Throughout the day, I’ve been commenting on your blog. On your BLOG, not so much your posts, because I’ve taken up the latest SOL challenge to try to win.. something. I forget what.
Forgetting’s not such a bad thing because the more I’ve read your body of work, the more I’ve commented, the less important the prize seems to be.
In the beginning, I had a goal of 500 comments. Yes. .. I know. I needed your blog posts to accomplish this. And.. what? 500?! (&^%$!)
I figured, when I do my posting late at night, I see an average of 230, 240 bloggers. Say there are 200 bloggers. 200 bloggers who have written blogs for .. 18? Is it 18 days?
So, assume 15 days. 15 x 200 = 3000 possible posts to peruse. Yes! And write real quick! And post real quick! And in and out! Bim! Bam! Say something smart! Key in on a phrase! Quick! Say your THING! And GET OUT!!!!! NEXT ONE!!!!!
I think I’m at 30 posts. And I don’t think I can go any faster.
So, no, I can’t do this. I’ve gone through a total of about 5 blogs of 5 writers, including you, and I have to tell you, these blogs, including yours, are the most precious, precious body of work I’ve seen on the internet. To me.
I know it sounds like nonsense.. I’ve been on the internet since before it’s dawn in ’92. Engineering student at A&M and blah.. I watched the whole thing unfold. I’ve seen everything.. but this..
What I’ve encountered is humanity. You’ve shown your humanity. You’ve shown me a part of yourself. How can I whipper-snapper-in-and-out? You don’t skip through humanity! It’d be a crime.
- I can’t dishonor the mirror of myself I see in you. You’re just like me. A teacher, who thinks, feels, lives. Struggles, hesitates, fears, loves, LOVES! has joys, polishes their optimism to live another day. Survive. Seeing someone’s thoughts — yours — Seeing what you’ve shared and revealed in each of your posts — sharing like me, in the little that I try to do. I honor you.
- I can’t fly by the wonderful heart’s love you’re putting into your writing. This is thinking — sometimes deep reflections or surface ponderings — but either way, I am seeing a peeling of the person who is you, on display for me and everyone to see. This is considerable risk, given a small or large effort. The Two Writing Teachers were right — it’s different when you put yourself out there. I saw this today, I saw you. I value you.

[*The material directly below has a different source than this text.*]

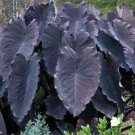 Black Ruffles Colocasia Esculenta Elephant Ear Small Rooted Starter Plant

- I can’t not stop, consider, say hello and respond. In Writer’s Workshop, we do immersion for genre. Sometimes we immerse for author. Two summers ago, I did Salinger. Last summer, Hemingway .. still doing Hemingway. These author’s have passed on, their works are canon. What about “real” author’s blogs like Stephen King, Margaret Atwood, Jacqueline Woodson? They have blogs, Tumblr accounts. You can hear from them. And besides, I’m not like them, a writer. Yes you are. When I went through your blog, I unknowingly immersed myself in you, An Architect in the Minds of Mankind, a Teacher! Time and circumstance has placed “real” authors in a different realm, but we’re all in the same human orbit of thought and feeling. Published authors are not any less human, they’re just much less accessible. Where you and I live, in SOL-World, we have each other for support, encouragement.. joy. How could I not laud you for you? For the gift you have given me and others of yourself in your writing? I thank you.
I’ve read your lives, struggles, loves, ideas, passions, fears, hesitations, .. everything. I could have only experienced it by spending an entire 1/2 hour to 45 minutes per blog, reading what you lay on the page and make the decision to respond the way you wrote: from the heart.
In the end, I did a lot of mini-confessions in the comboxes of the blogs I visited, but I knew it’s not enough. Let me assure you: I am not a freak stalker. I am a lover of language and the humananity. This is why I loved your work, why I stayed, hung around your living room and enjoyed your stories at your invitation.